--- Image-caption web data ---
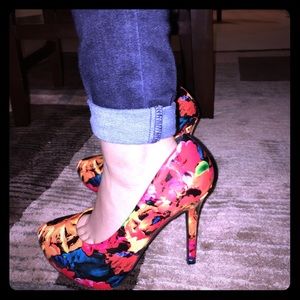 Steve Madden "P-Ressa" Floral Pump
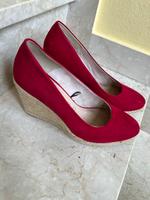Schuhe, rot, Keil-Absatz, neuwertig, Tamaris, 38 Baden-Württemberg - Göppingen Vorschau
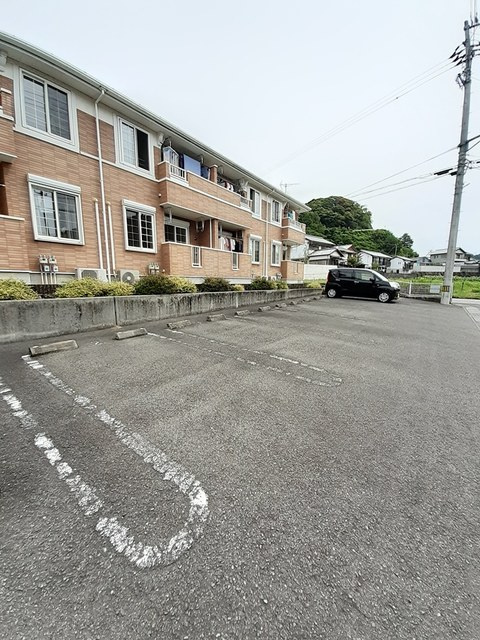 エアリー枝川の駐車場|駐車場
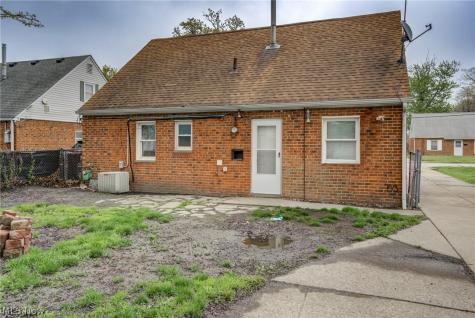 4706 W 158th Street Cleveland OH 44135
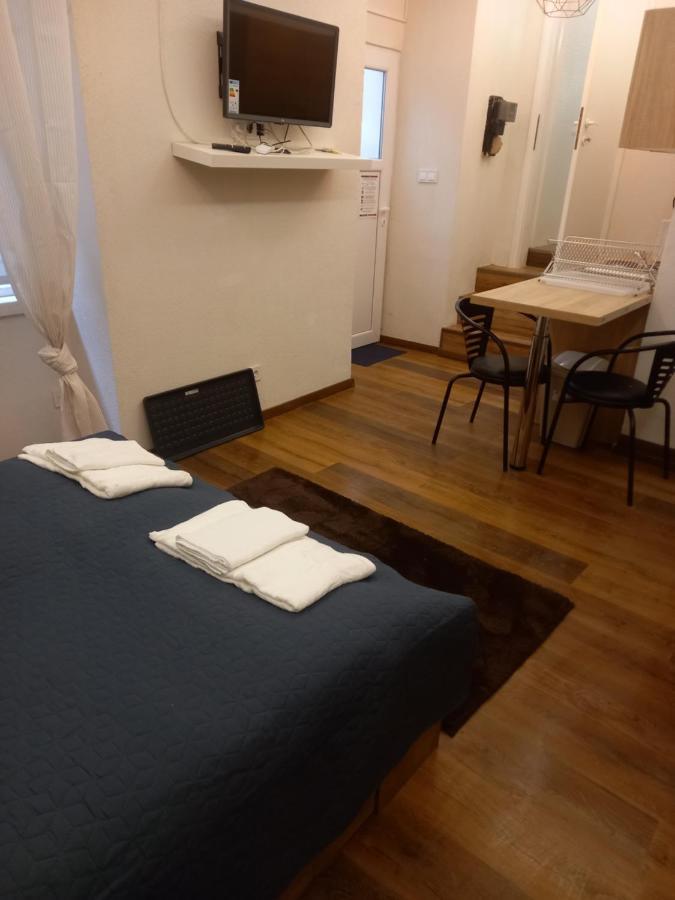 Liszt Ferenc Square Studio Apartment Budapest Exterior photo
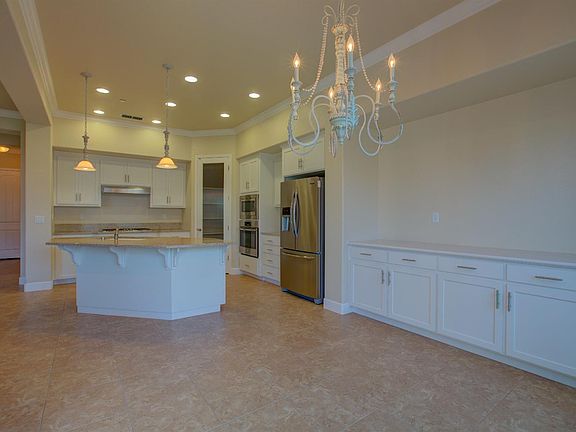 4th image of 912 Golden Pond Dr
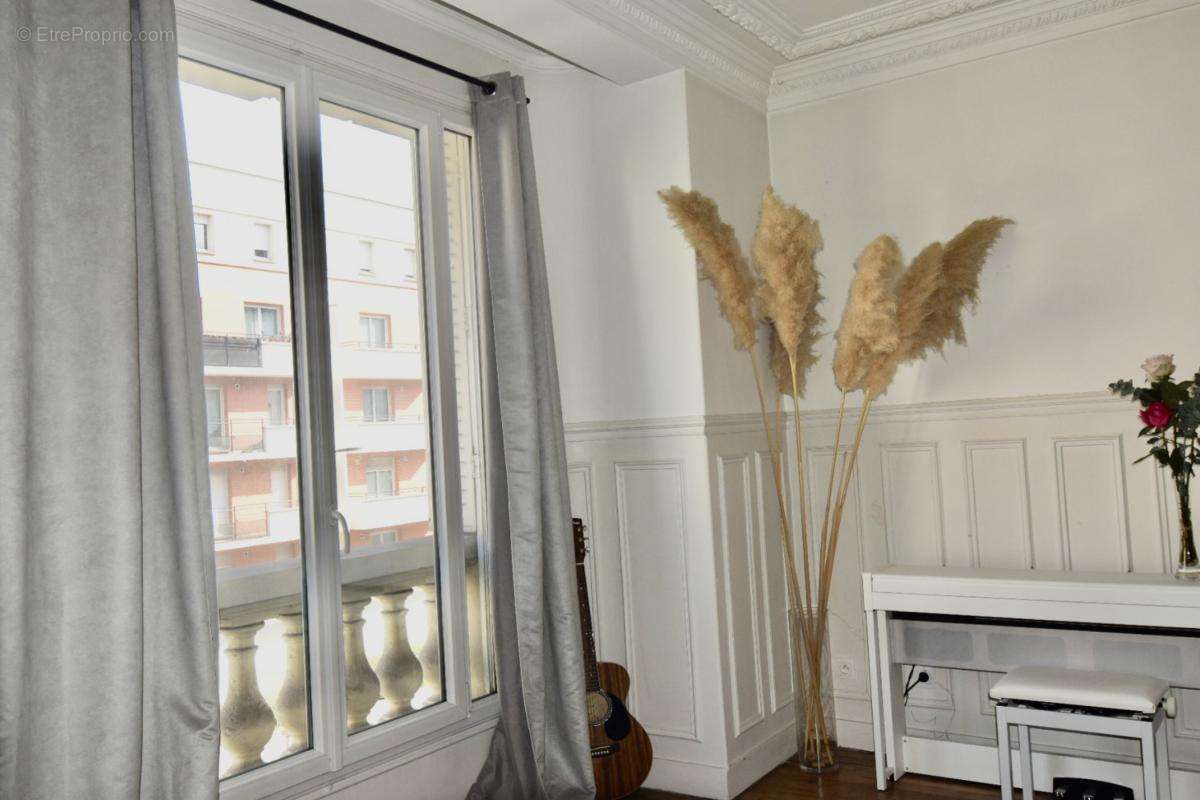 Appartement à COURBEVOIE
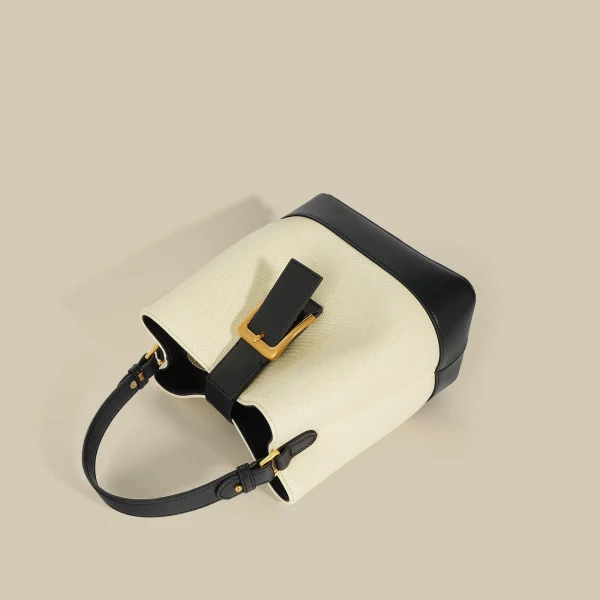 2026 New Large Capacity Soft Cowhide Bucket Bag Fashionable and Versatile Commuter Shoudler Bag Advanced Feeling Handbag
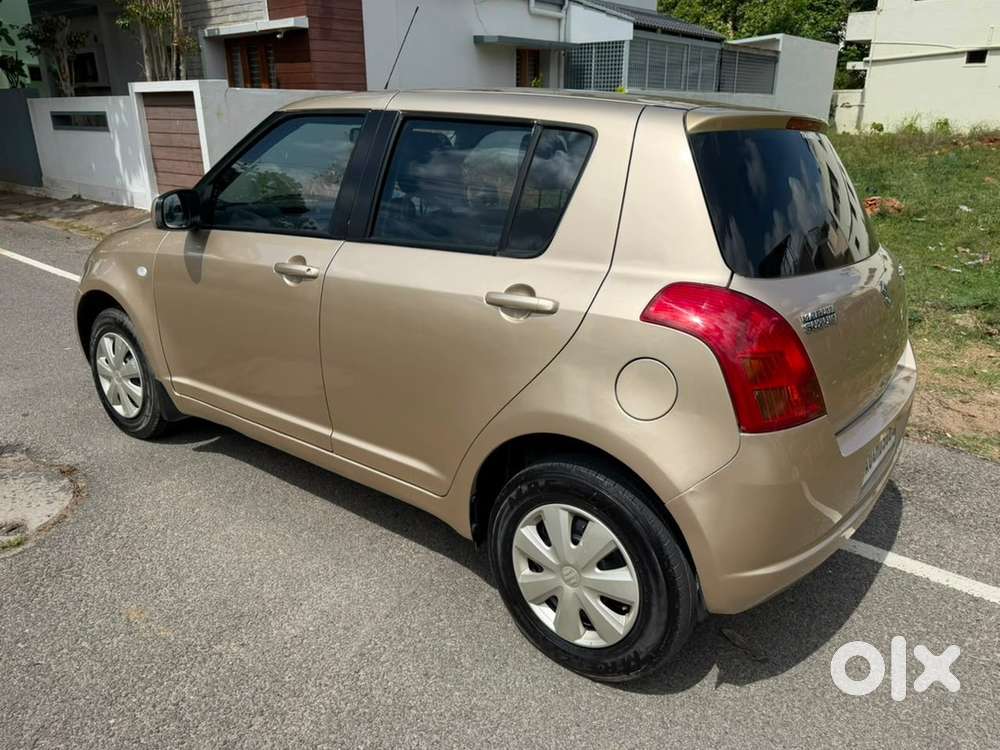  Maruti Suzuki Swift Vxi  2007  Petrol  Second Owner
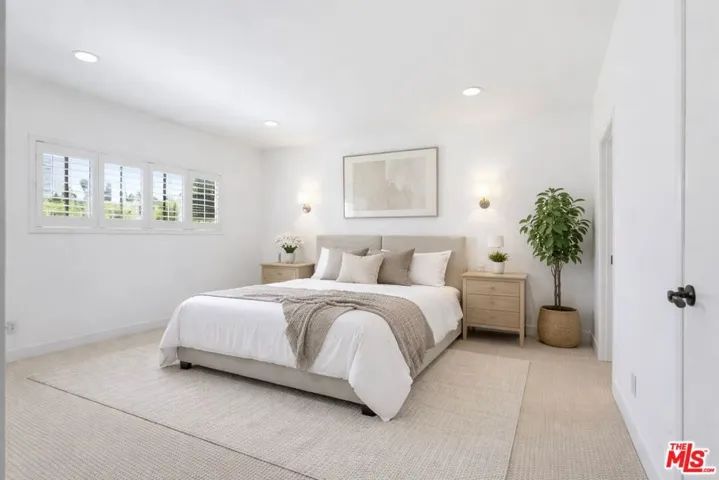 1167 Roxbury Drive 203, Los Angeles, California 90035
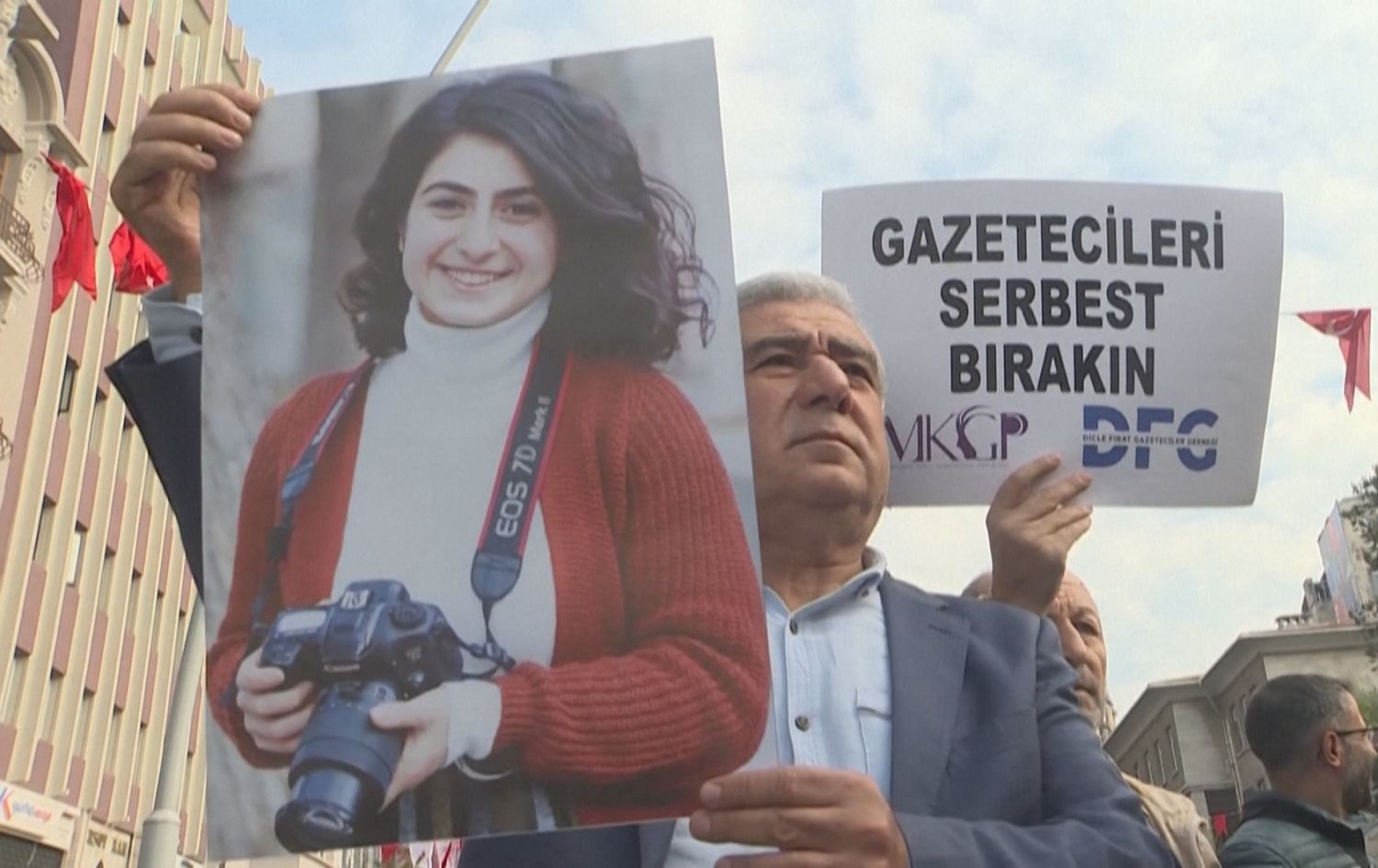 Piştî yasaya sansurê 11 rojnamevanên Kurd hatin desteserkirin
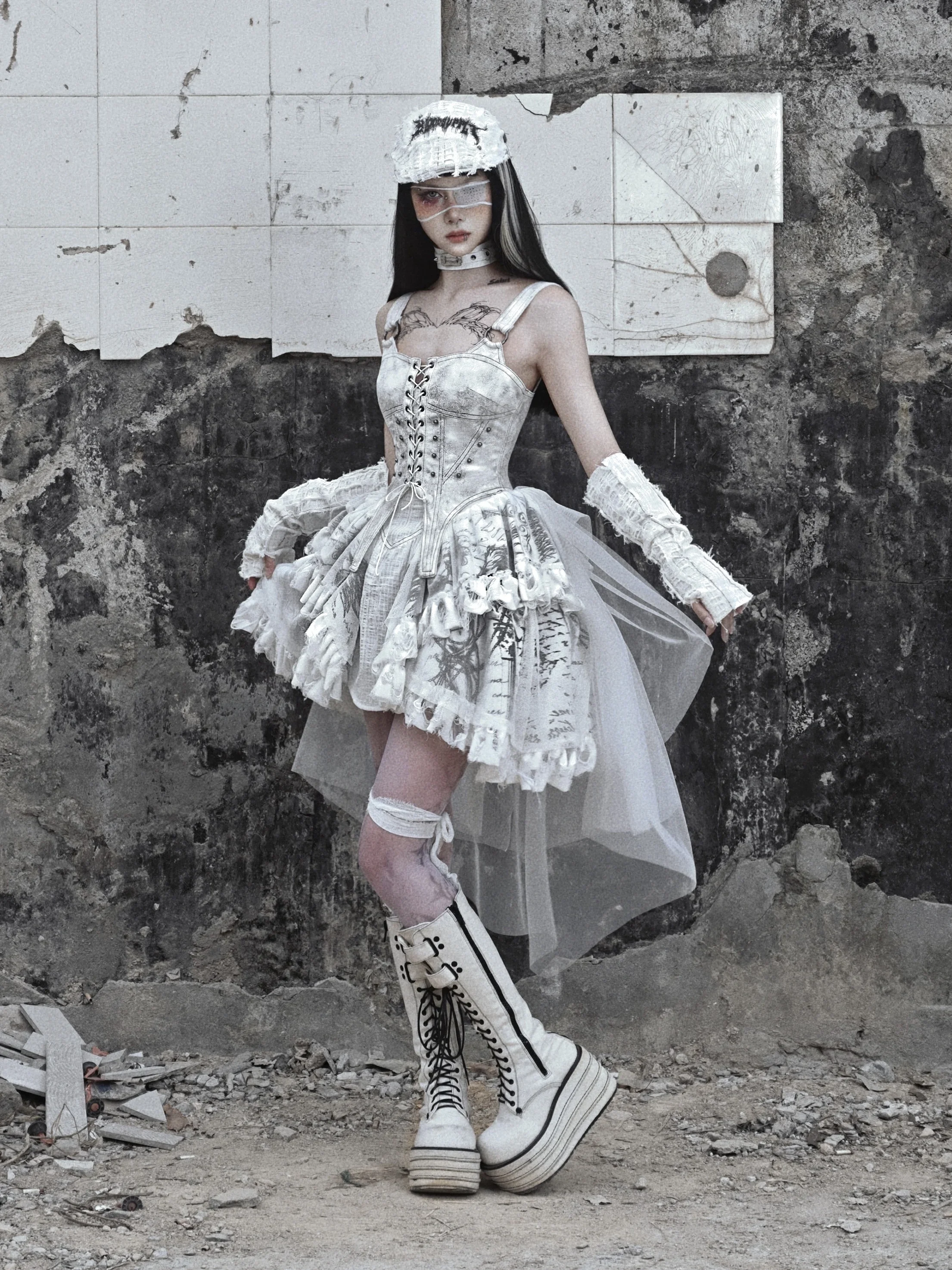 Blood Supply Original Madhouse Vintage Suede Strap Punk nicchia Trailing Print Dress Gothic Light Lolita bretelle abiti bianchi.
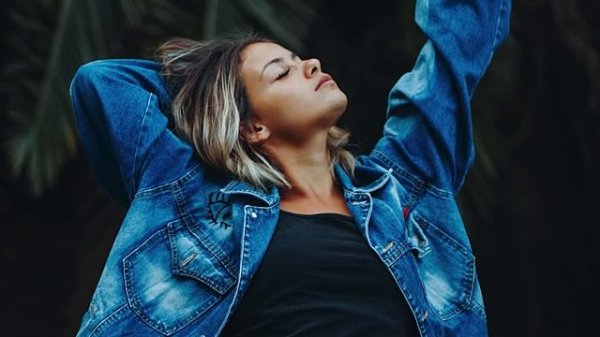 MitiS x Rico & Miella - Follow You (Lyrics) (1080p_25fps_H264-128kbit_AAC)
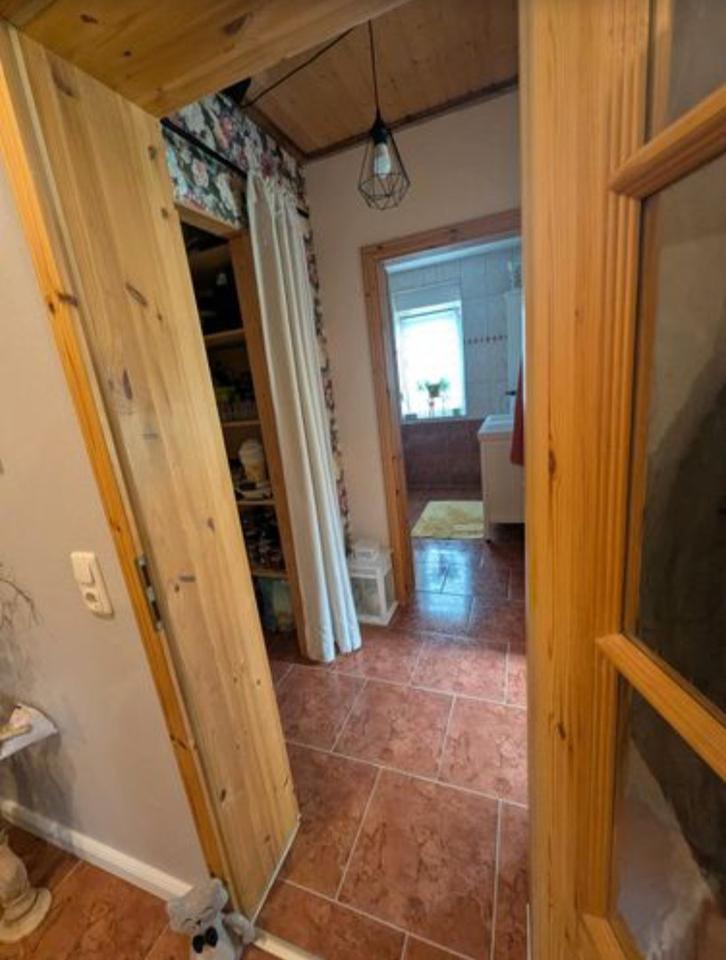 Schönes großes Einfamilienhaus – Bild 9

--- Required work ---
Both the line above containing "Schuhe, rot, Keil-Absatz, neuwertig, Tamaris, 38" and the line containing "2026 New Large" belong in the copy, along with every line between them; print these exactly and omit the pictures.

--- Written answer ---
Schuhe, rot, Keil-Absatz, neuwertig, Tamaris, 38 Baden-Württemberg - Göppingen Vorschau
 エアリー枝川の駐車場|駐車場
 4706 W 158th Street Cleveland OH 44135
 Liszt Ferenc Square Studio Apartment Budapest Exterior photo
 4th image of 912 Golden Pond Dr
 Appartement à COURBEVOIE
 2026 New Large Capacity Soft Cowhide Bucket Bag Fashionable and Versatile Commuter Shoudler Bag Advanced Feeling Handbag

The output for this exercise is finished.